→ **Data**:
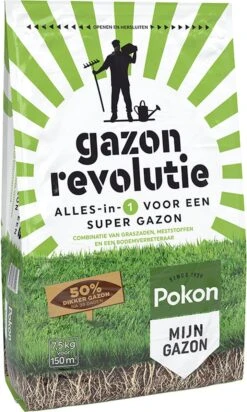 Pokon Gazon Revolutie - 7,5kg - Gazonmest / Graszaad / Bodemverbeteraar - Geschikt Voor 150m² - Binnen 15 Dagen Resultaat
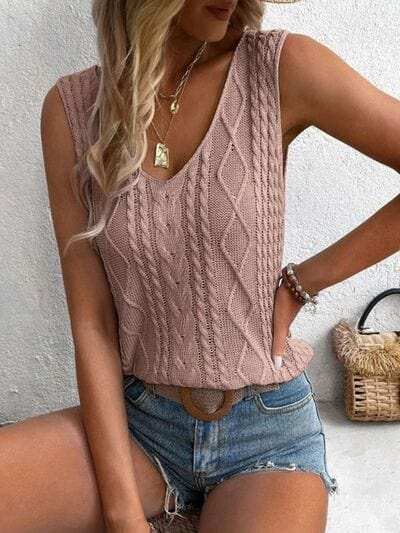 Cable-Knit V-Neck Sweater Vest - Trendsi - Flyclothing LLC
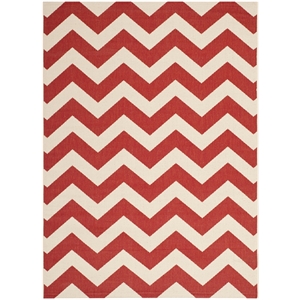 Pemberly Row Red Indoor Outdoor Area Rug 5'3&quot x 7'7&quot for Home Decor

→ **Problem description**: Every line above goes into your copy exactly; no images go in.

→ **Response box**:
 Pokon Gazon Revolutie - 7,5kg - Gazonmest / Graszaad / Bodemverbeteraar - Geschikt Voor 150m² - Binnen 15 Dagen Resultaat
 Cable-Knit V-Neck Sweater Vest - Trendsi - Flyclothing LLC
 Pemberly Row Red Indoor Outdoor Area Rug 5'3&quot x 7'7&quot for Home Decor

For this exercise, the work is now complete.